- _INPUT DATA_
------------------------------------------------

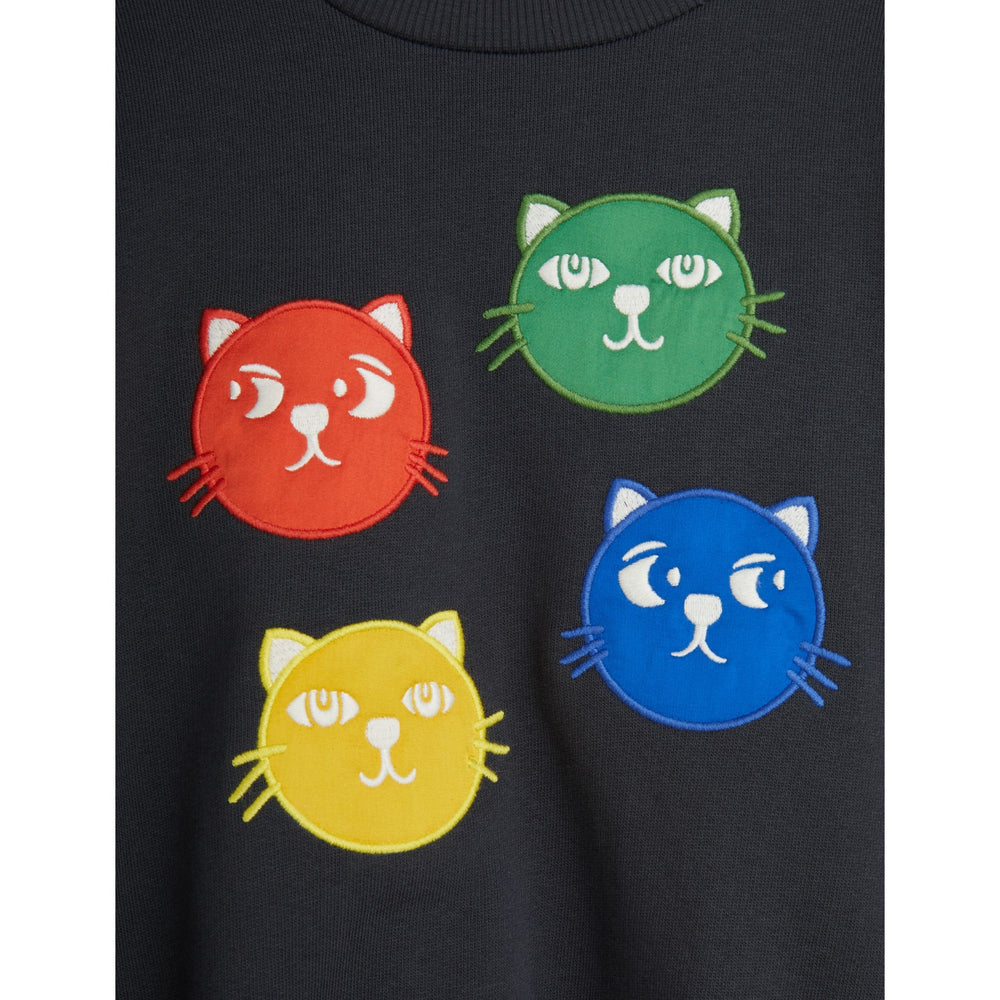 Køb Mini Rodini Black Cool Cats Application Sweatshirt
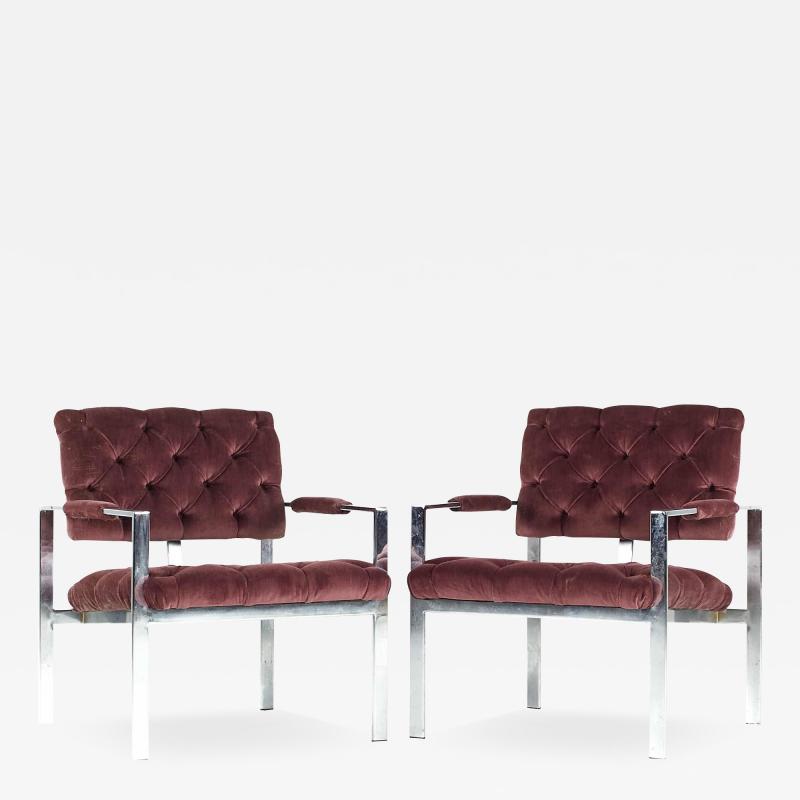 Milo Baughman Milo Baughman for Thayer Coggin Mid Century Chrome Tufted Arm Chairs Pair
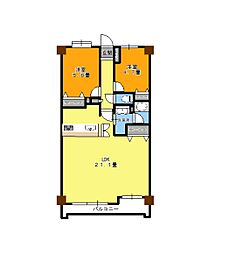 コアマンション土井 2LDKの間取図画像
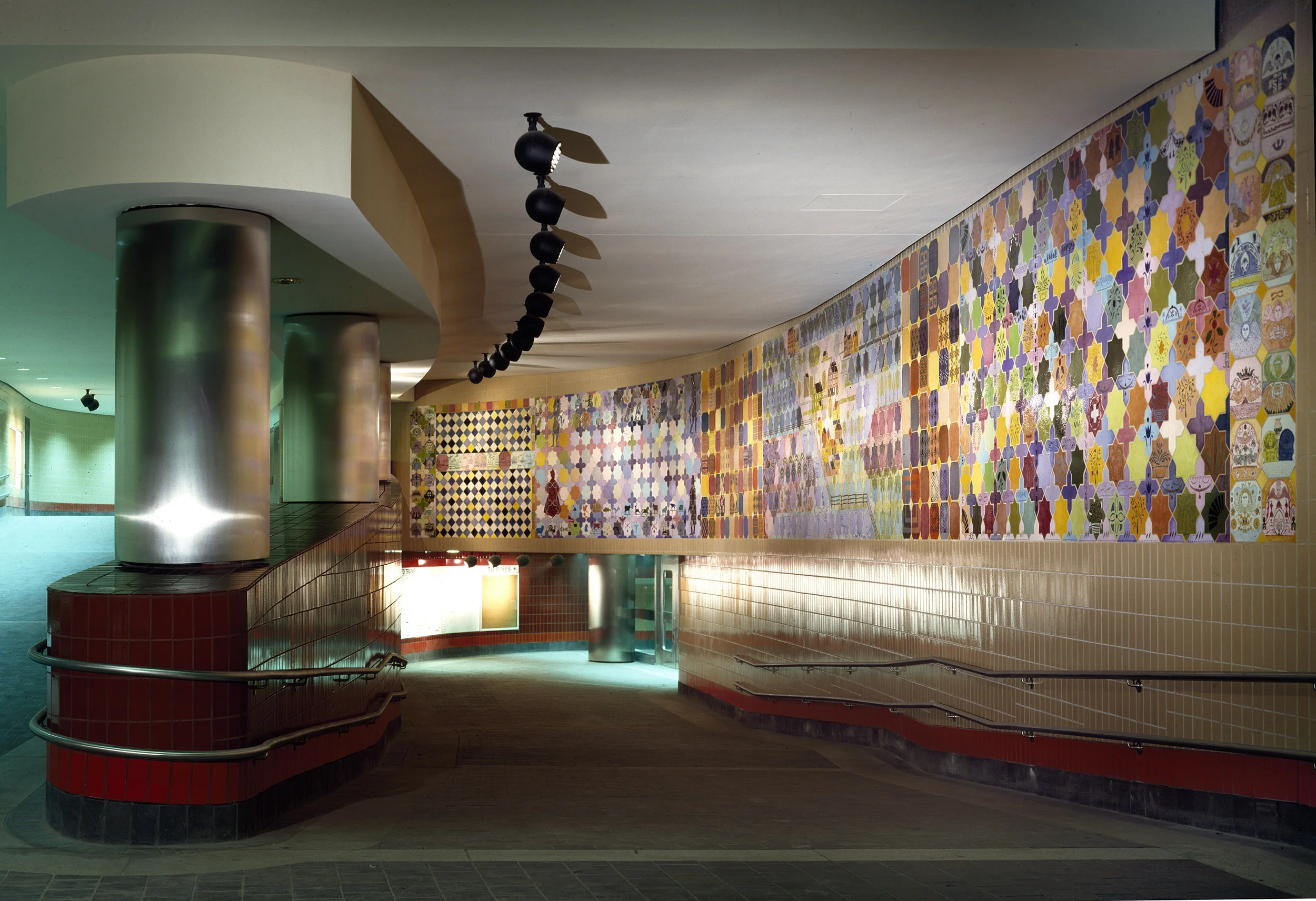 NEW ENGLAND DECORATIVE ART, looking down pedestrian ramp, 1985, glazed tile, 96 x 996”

------------------------------------------------

- _YOUR GOAL_
Pictures are not part of the copy; transcribe the rest of the data verbatim.

- _RESULT OF THE TASK_
 Køb Mini Rodini Black Cool Cats Application Sweatshirt
 Milo Baughman Milo Baughman for Thayer Coggin Mid Century Chrome Tufted Arm Chairs Pair
 コアマンション土井 2LDKの間取図画像
 NEW ENGLAND DECORATIVE ART, looking down pedestrian ramp, 1985, glazed tile, 96 x 996”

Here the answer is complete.